En bref, les bénéfices masqués du pouvoir sont des pansements narcissiques. Ce qui fournit une di-rection pour la recherche d’une prévention de la tyrannie.
Vers une prophylaxie du pouvoir
On peut dé-jouer ces positions subjectives, particulièrement celles des pervers, par des pratiques simples. Elles doivent être conjointes, se renforçant l’une l’autre :
· Ancrage dans le réel. Ici autant qu’ailleurs, le réel, c’est le corps. A travers une conscientisation fournie par une ascèse. Qu’il s’agisse de danse, théâtre, gymnastique aux agrès, yoga, etc. Ces re-centrages interdisent à la personne de jouer trop loin de son enveloppe[9]. Et donc de placer en vedette (en veut-dette) le phallus imaginaire. Un corps authentique ne se joue pas. · Désacralisation du savoir (comme phallus symbolique). Le savoir, ce n’est pas quelque chose de plus, c’est quelque chose d’autre que l’ignorance. · Retour au féminin. Il nous a fallu, à cet effet, redéfinir une chose simple. Le féminin, c’est ce qui n’en rajoute pas sur la nature. Ce qui permet au dominodépendant l’apprentissage de se passer de la chose en plus. Ou, comme l’indique la sagesse stoïcienne, de changer ses désirs plutôt que l’ordre du monde.

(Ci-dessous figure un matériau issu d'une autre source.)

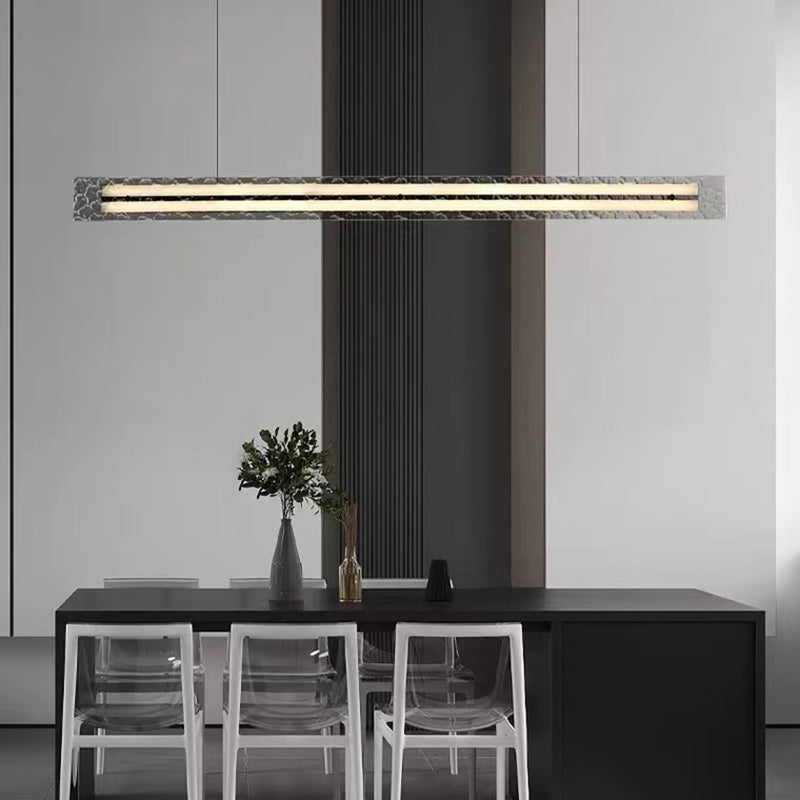 Contemporary Hanging Light Linear LED Island Light Fixture with Glass for Dining Room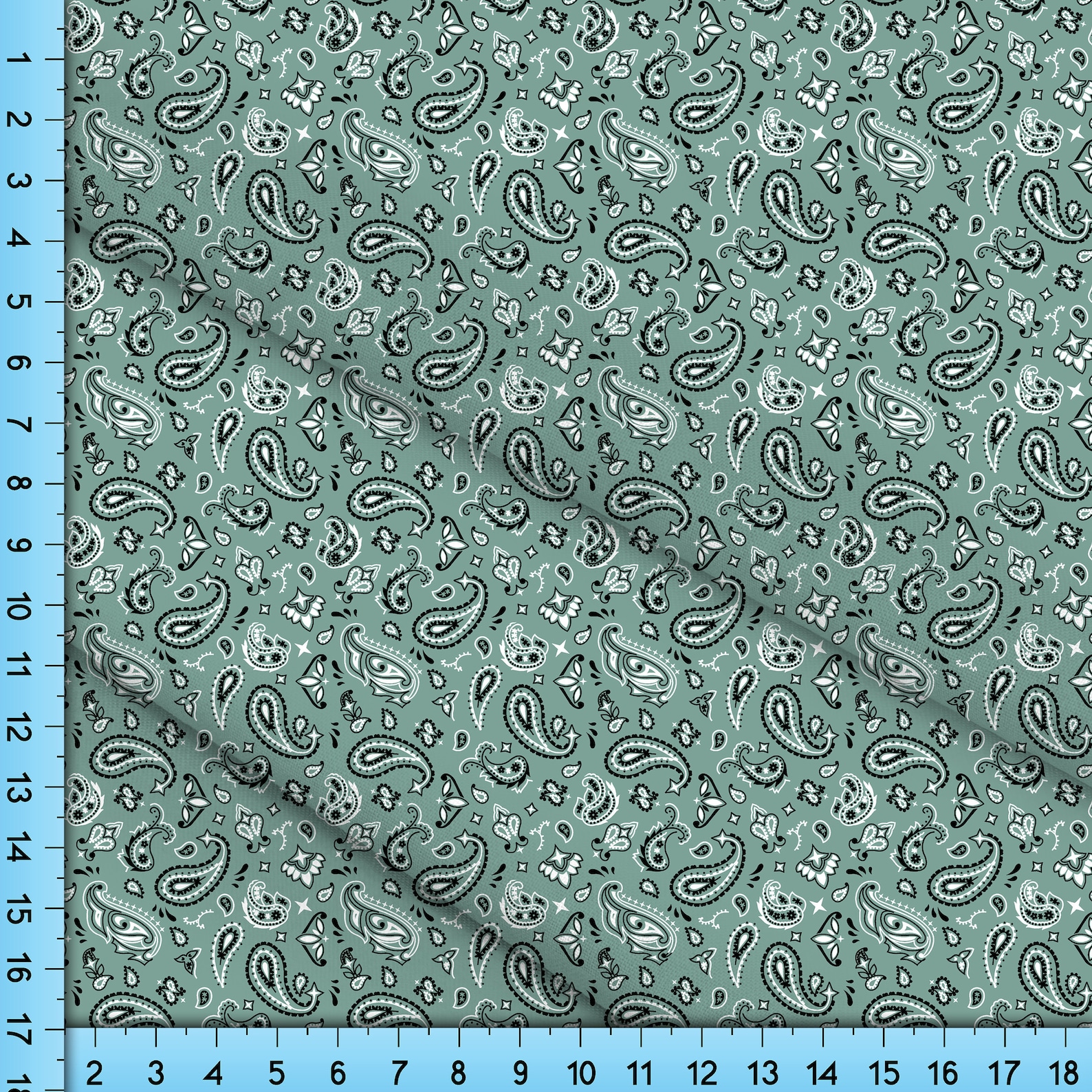 Sage Green Paisley Bandana Fabric Pastel Printed Cloth by the Etsy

Terminons, sur la pratique juste du pouvoir, par une citation du Tao[10] :
Le plus tendre en ce monde Domine le plus dur. …………………….. A quoi je reconnais l’efficace du non-agir.
***
[1] Henri Bernicard, psychanalyste, dirige le CEPREP à Toulouse. [2] Cité par Le Monde II, septembre 2002. [3] Cité par Manès Sperber, in Psychologie du pouvoir.Odile Jacob, 1995 [4] id. C’est nous qui soulignons. [5] Entretien avec F-O Giesbert, in Le vieil homme et la mort. Folio, 1996. C’est nous qui soulignons. [6] Notion utilisée par Maurice Berger, dans La folie cachée des hommes de pouvoir. Calmann-Levy, 1993. [7] Sigmund Freud, in « Deuil et mélancolie ». Métapsychologie, Idées-Gallimard, 1974, p 158. [8] cf Bourdieu : La noblesse d’Etat. Editions de Minuit, 1989 [9] Les neurosciences vont, depuis peu, dans cette direction. [10] Lao Tseu. Tao te king, XLIII . Trad. Liou Kia-Hway. Gallimard, coll. Folio.